Work task —
Using the records that follow, reproduce exactly the lines starting at the line containing "Metabolic Bone Disease" and ending at the line containing "Mangatasi biang keringat pada bayi". Include both end lines and no pictures.

Data records —
------------------------

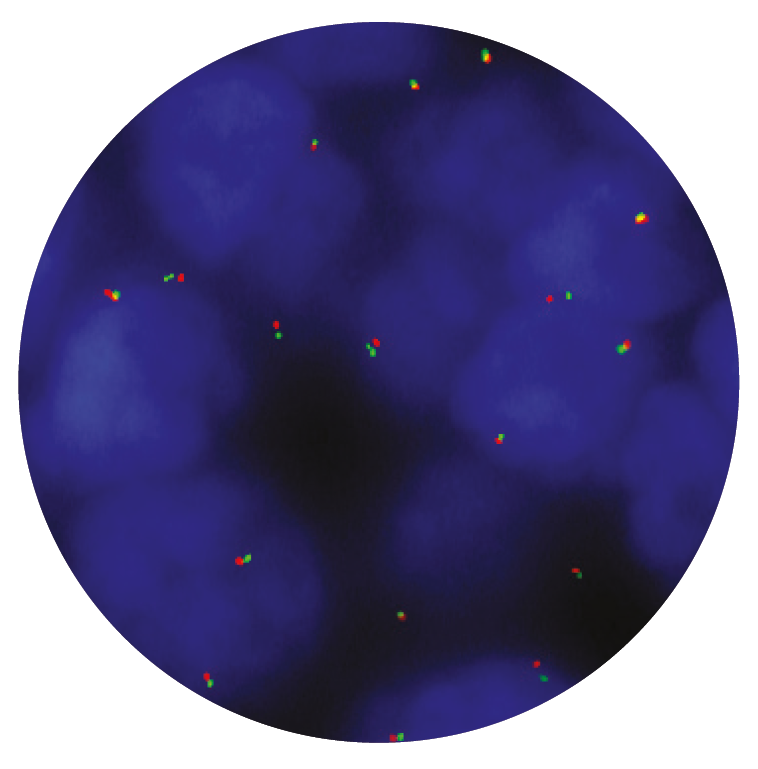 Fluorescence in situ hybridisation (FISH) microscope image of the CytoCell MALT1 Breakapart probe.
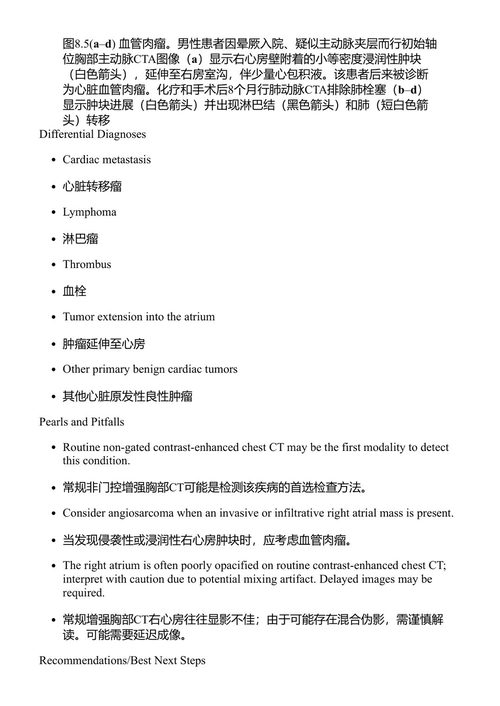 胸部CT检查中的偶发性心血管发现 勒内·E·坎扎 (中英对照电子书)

------------------------

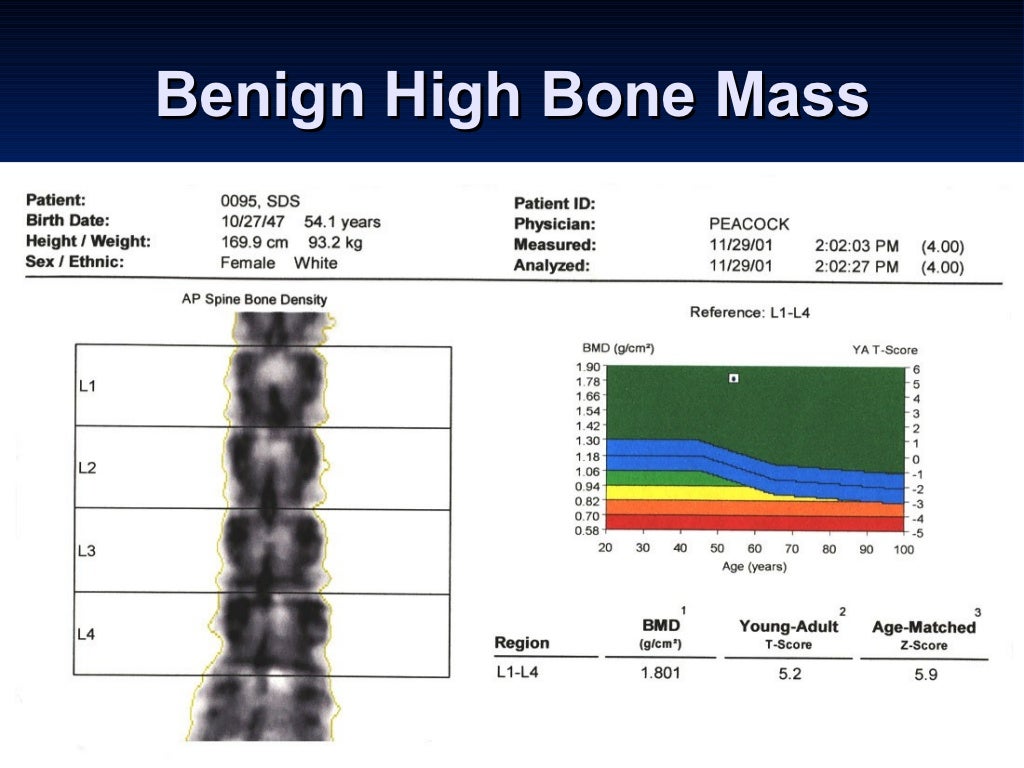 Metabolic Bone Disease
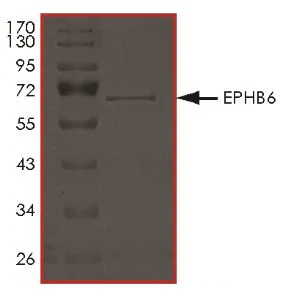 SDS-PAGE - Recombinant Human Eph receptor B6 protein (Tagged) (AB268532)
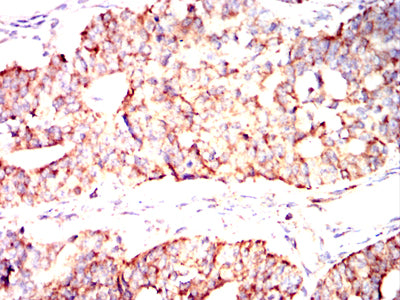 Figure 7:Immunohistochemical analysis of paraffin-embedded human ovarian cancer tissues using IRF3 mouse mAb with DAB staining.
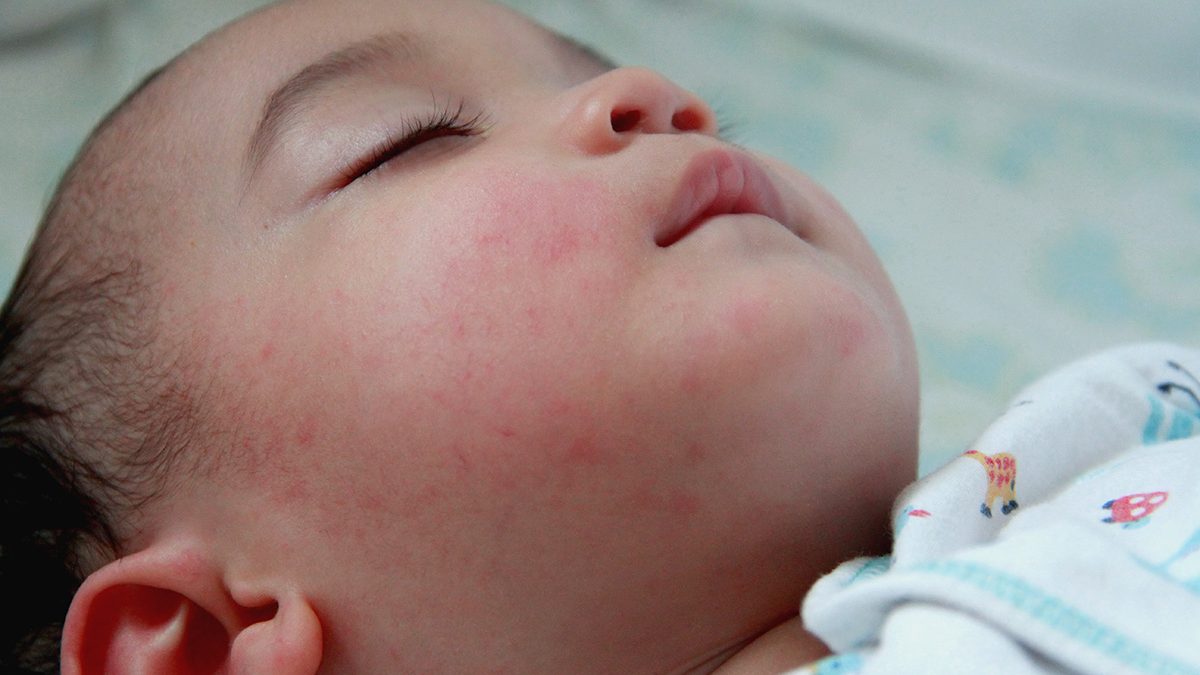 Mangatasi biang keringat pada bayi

------------------------

Reply —
 Metabolic Bone Disease
 SDS-PAGE - Recombinant Human Eph receptor B6 protein (Tagged) (AB268532)
 Figure 7:Immunohistochemical analysis of paraffin-embedded human ovarian cancer tissues using IRF3 mouse mAb with DAB staining.
 Mangatasi biang keringat pada bayi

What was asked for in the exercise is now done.